# Word of the Day: Prolific



## Kaila (Jul 16, 2020)

Producing many or much, or large quantity; term which can be applied to many fields, from plants, to sports teams, to artists....and more, this word has many possible applications!


----------



## Matrix (Jul 16, 2020)

Harry Kane is a very prolific striker and has scored 201 career club goals.


----------



## Aunt Marg (Jul 17, 2020)

Aunt Marg's, WOTD selection grew to one of prolific nature, account her didactic, sesquipedalian style.


----------



## Kaila (Jul 17, 2020)

Some of the world's great painters were very prolific, leaving for us, countless numbers of their wonderful art pieces in their own styles;

Writers do not seem to be quite *as* prolific; my guess being that it takes more time to write a marvelous book, than to complete a great painting, in general?


----------



## Sliverfox (Jul 17, 2020)

I tend to be more prolific with  words that are used real life.


----------



## Em in Ohio (Jul 19, 2020)

Once upon a time, I was a prolific reader and writer; but as I age, this seems to be rapidly diminishing.


----------



## hollydolly (Jul 26, 2020)

*People who live in houses  close to  Heathrow airport have to endure  prolific planes flying overhead 





*


----------



## Kaila (Jul 26, 2020)

For enduring the number of extremely close fly-byes, the people who live in those homes,
should be given a prolific number of unlimited free tickets to fly as often as they wish;

after all, it isn't much out of the way , for the airline to pick them up!

(Okay, kidding on the last part, but I seriously believe the rest of this post!)


----------



## MarciKS (Jul 26, 2020)

The amount of leftovers in our fridge at work is quite prolific.


----------



## Ruthanne (Jul 27, 2020)

My brother is quite prolific in his knowledge of history.


----------



## Kaila (Jul 28, 2020)

Something that has often impressed and amazed me ...
is the *prolific* number of seeds produced from one individual, single plant.
For example,  one maple tree, or one lilac shrub, or even one single annual flowering plant, such as a zinnia, produces a prolific number of viable seeds, for future plants.

In addition, adding to my astonishment and wonder, is my observation, that even one individual flower or blossom, on many plants, produces a *prolific* number of seeds.
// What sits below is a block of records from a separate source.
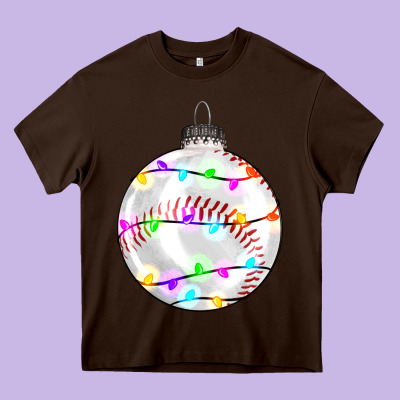 Christmas Baseball Heavy Core Tee Designed By Ranaportraitstore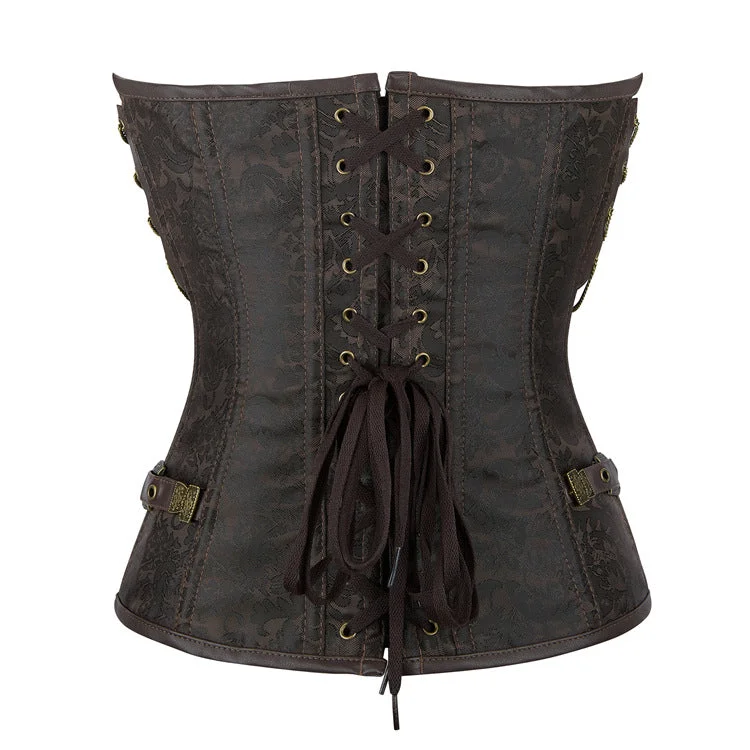 Women's Steampunk Buckle Chained Lace-up Overbust Corset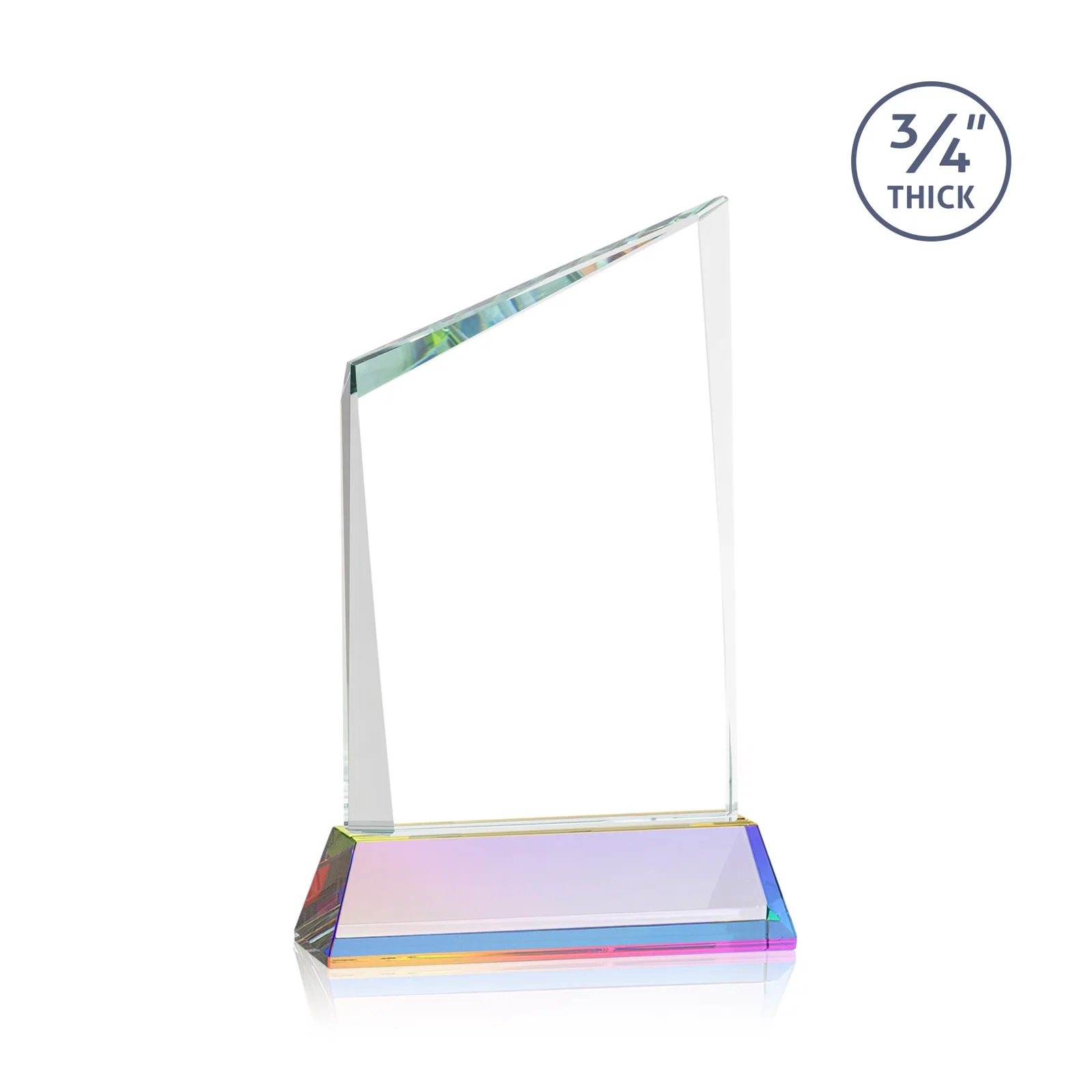 Personalized Starfire Crystal Peak Award on Tapered Base with Second Etch, awards, with your logo for corporate award ceremonies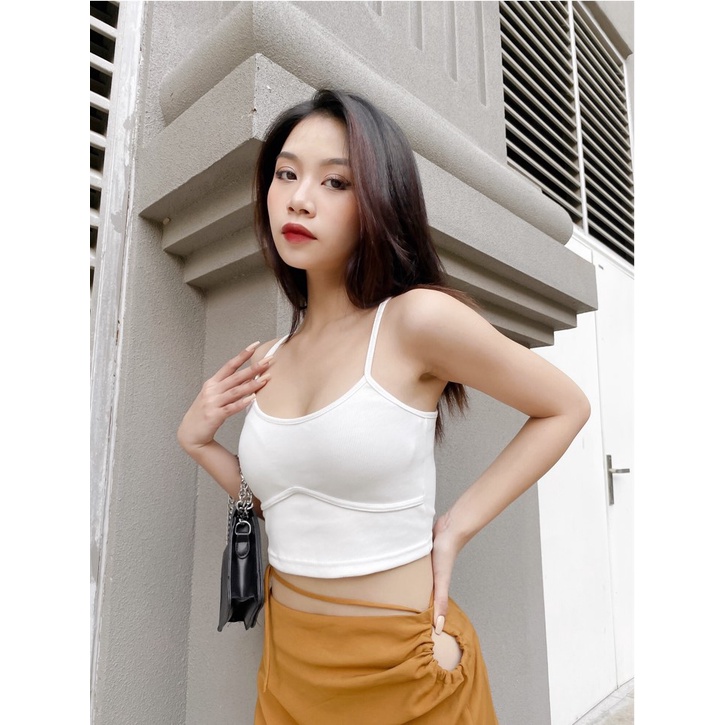 Áo dây cơ bản croptop thời trang GAGO màu trắng kem GA3615 | BigBuy360 - bigbuy360.vn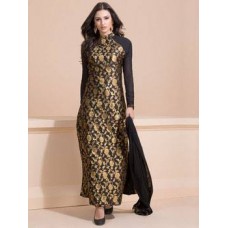 BLACK AND GOLD BROCADE PARTY WEAR DRESS (READY MADE SUIT)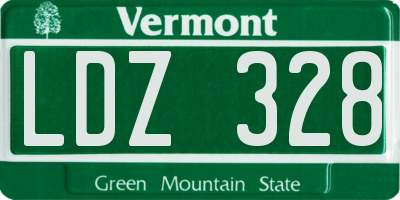 VT license plate LDZ328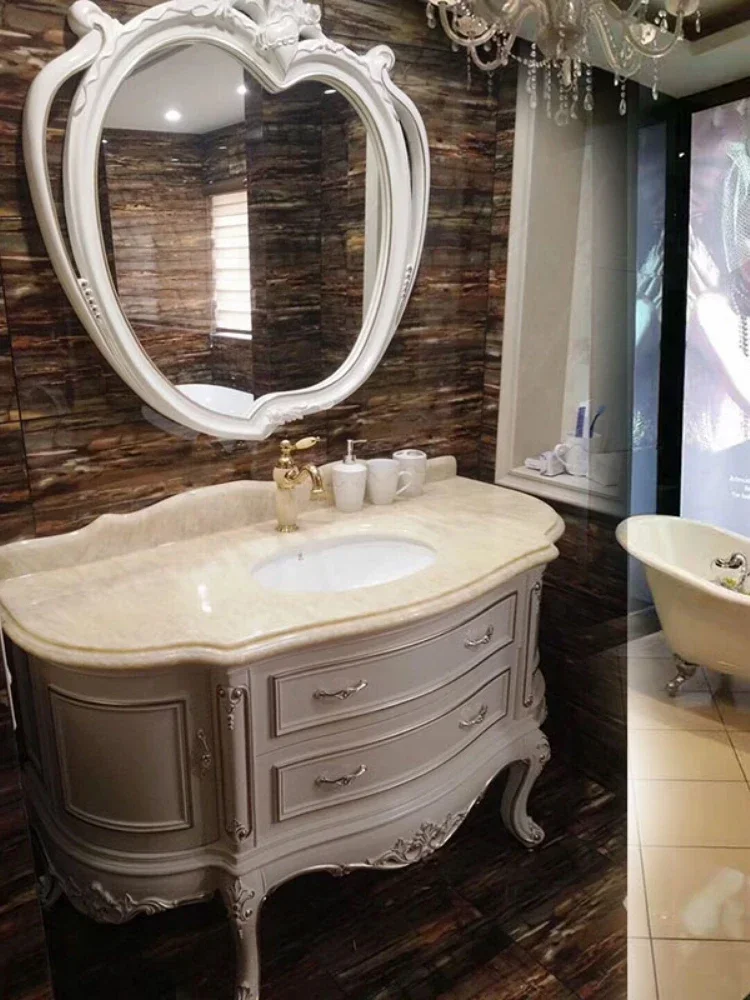 ~Luxury European style bathroom cabinet oak washbasin combination bathroom cabinet wash basin floor type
Nature goes to such extremes to attempt to continue a species.
If you aren't certain you believe this, then stop and examine one dandelion flower, going to seed, the next time you walk by one!


----------



## SeaBreeze (Jul 28, 2020)

They predict tomorrow's storm will bring a prolific amount of rain to my area, including some large hail.  I will definitely be parking my car in the garage.


----------